Their task was to target the teen to young adult demo with Capital Soleil, Vichy’s sun care line. The team took a risk and focused solely on young men, developing a wash-on SPF product for the shower called Magnetic. It featured packaging inspired by the sleek black Vichy Homme look and a rubberized logo, making it easy to grip in the shower.

Niro was in the U.K. at the time completing his master’s in management at the University of Cambridge after an undergrad at Queen’s where he studied art history and sociology – not the usual background for a marketer, but he says, ‘I studied consumer behaviour in sociology and contemporary art in art history, [providing a background in] visuals. It gave me a perspective that laid the foundation for my marketing studies.’

After being recruited out of Brandstorm, he interviewed for L’Oréal in the U.K., but realized he wanted to return to work in Canada, so they forwarded his CV to L’Oréal’s Montreal head office. Since June, Niro has worked as assistant product manager on designer fragrances like Diesel (launching a new scent this summer) and Viktor & Rolf, using his knowledge of that elusive young male demo to get them smelling a little better.

What’s important when it comes to reaching young men?

They’re known as the hardest group to reach, but we do know where they spend most of their time: they’re on their phones and they’re online, compared to women who are more reachable in print – in magazines – and on television. So we’ve tweaked our strategy to target them. Our media is mostly focused on the online and SMS mobile campaign.

You’re part of that demo, so do you think that rings true?

Absolutely. What’s great about it is, I can go home and when I’m having a beer with some friends, I bring this all up. I want to know what their feedback is – my own forum essentially.

How important is community involvement, like L’Oréal’s sponsorship of Luminato, to your generation?
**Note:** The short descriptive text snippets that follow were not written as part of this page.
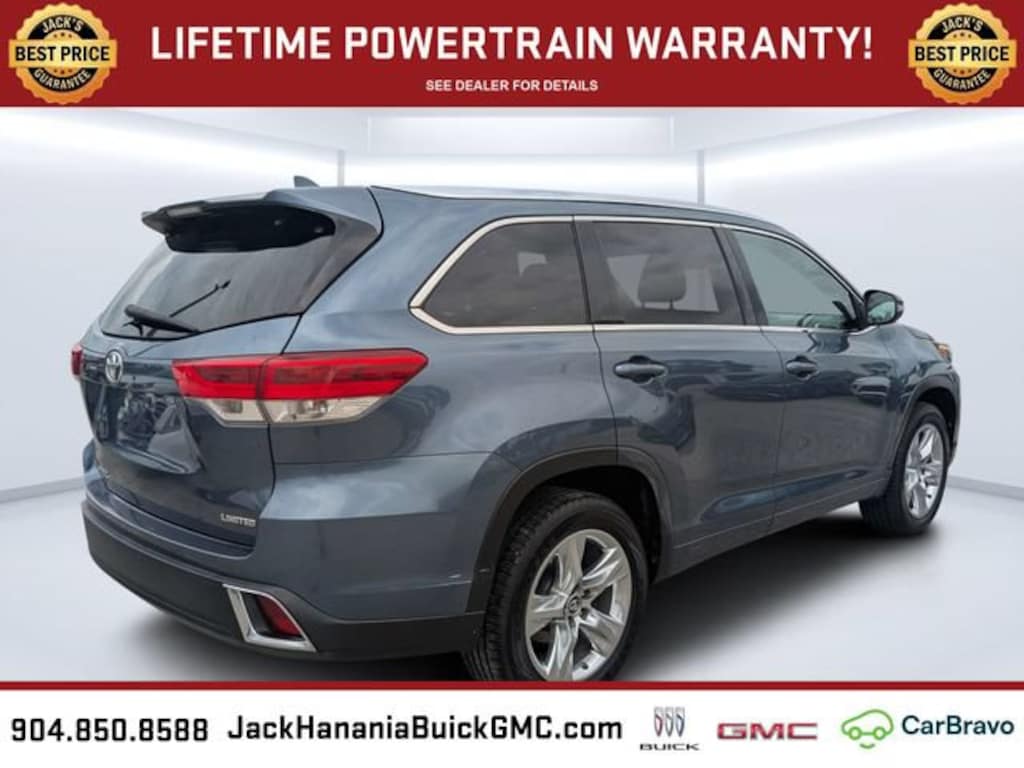 Used 2018 Toyota Highlander Limited SUV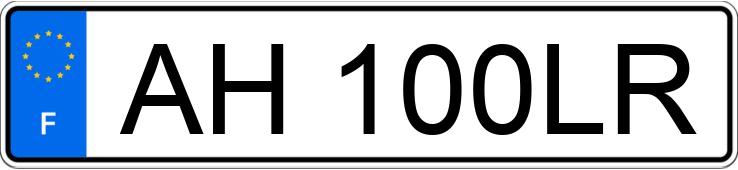 Numer rejestracyjny AH100LR posiada PEUGEOT 206 Numer rejestracyjny AH100LR posiada PEUGEOT 206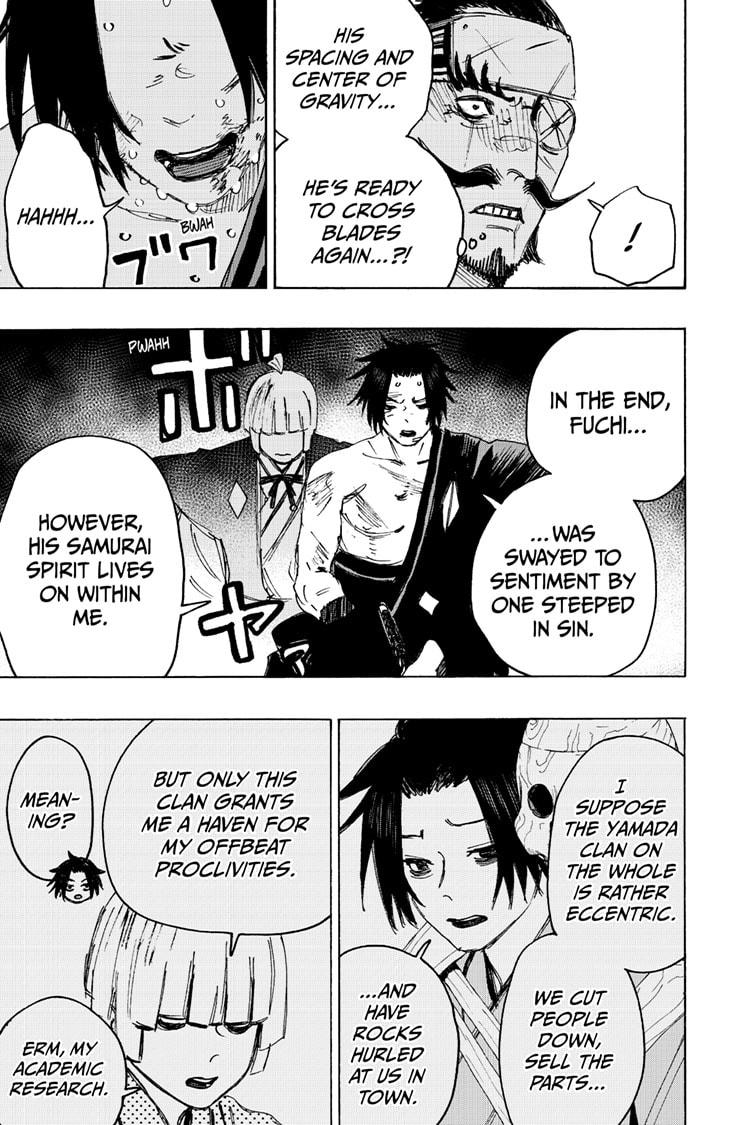 Read Hell's Paradise Manga Online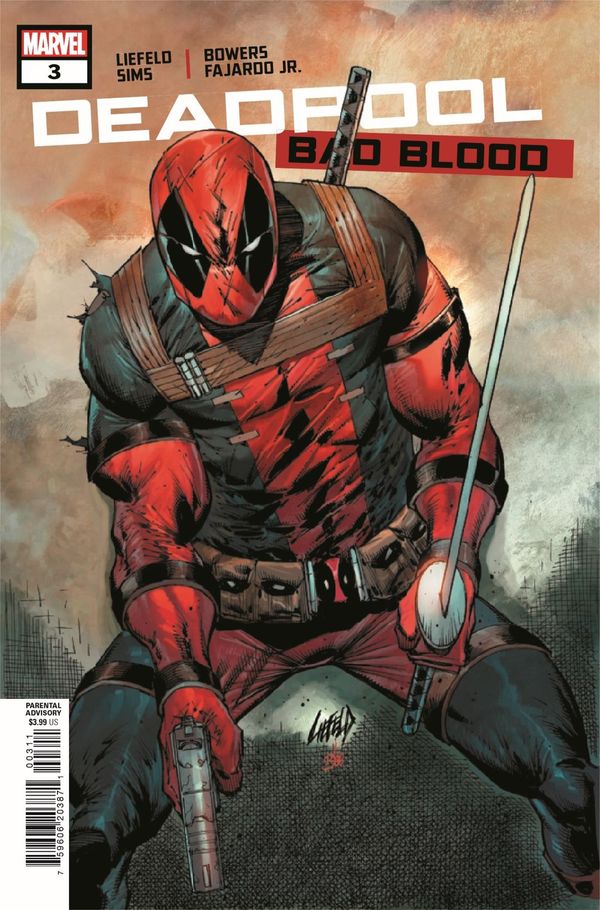 ComicList Previews: DEADPOOL BAD BLOOD... Post Image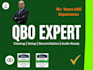 qbo cleanup  setup  bank reconciliation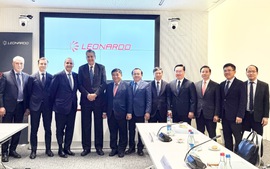 Phó Thủ tướng Nguyễn Chí Dũng làm việc với Tập đoàn hàng không vũ trụ và công nghiệp quốc phòng hàng đầu châu Âu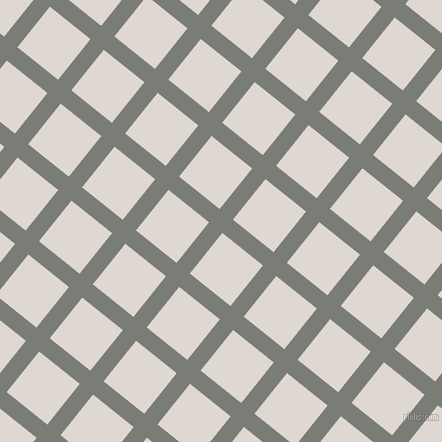 51/141 degree angle diagonal checkered chequered lines, 17 pixel line width, 52 pixel square size, plaid checkered seamless tileable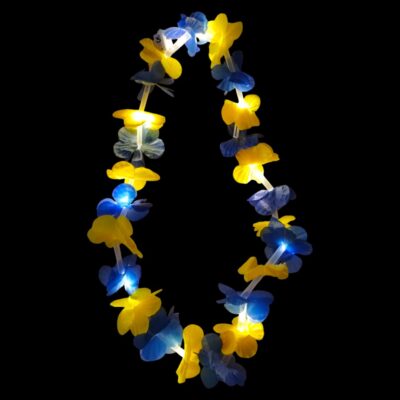 COLLAR HAWAI FUTBOL LED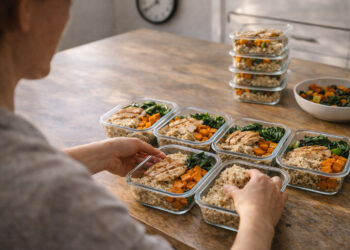 Smart Portioning and Timing for Better Home Nutrition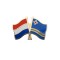 Anstecknadel Fahnennadel Niederlande - Aruba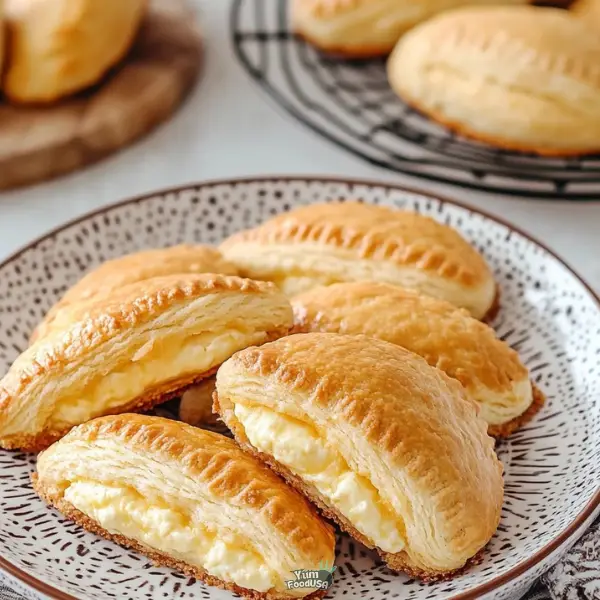 Russian Cheese-Filled Cookies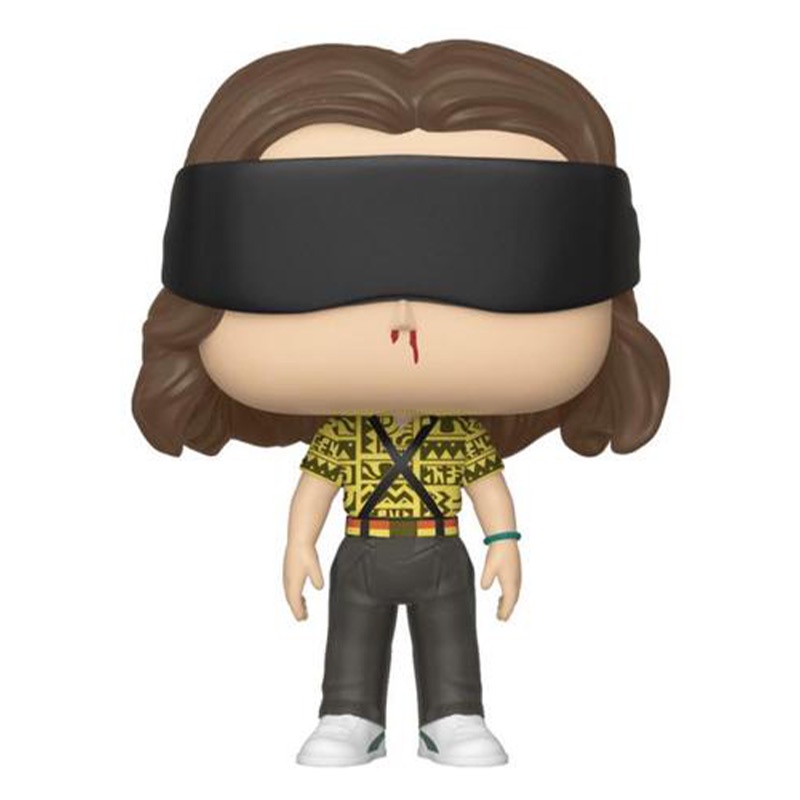 Stranger Things Montauk Karakter Eddie Munson Dustin Steve Action Figure Boneka Mainan Koleksi Dekorasi Kamar Hadiah Ulang Tahun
The sponsorship of the arts is crucial because art allows freedom of voice and questioning of our values and standards. Without it we’d be nowhere, and obviously this is my artistic side speaking, but I couldn’t agree more with L’Oréal’s participation with Luminato. It not only sponsors the arts and allows them to flourish, but it also allows a chance for our brands to be implicated.

How has the recession affected your experience as a new member of the industry?

We’re in a time where every dollar spent has to count and that’s a great time to learn because we’re not spending on just anything. Everything has to be accounted for, everything has to be justified. And at L’Oréal it’s a great time to be here because we’re still going through with our plans, we’re just making sure everything has a purpose.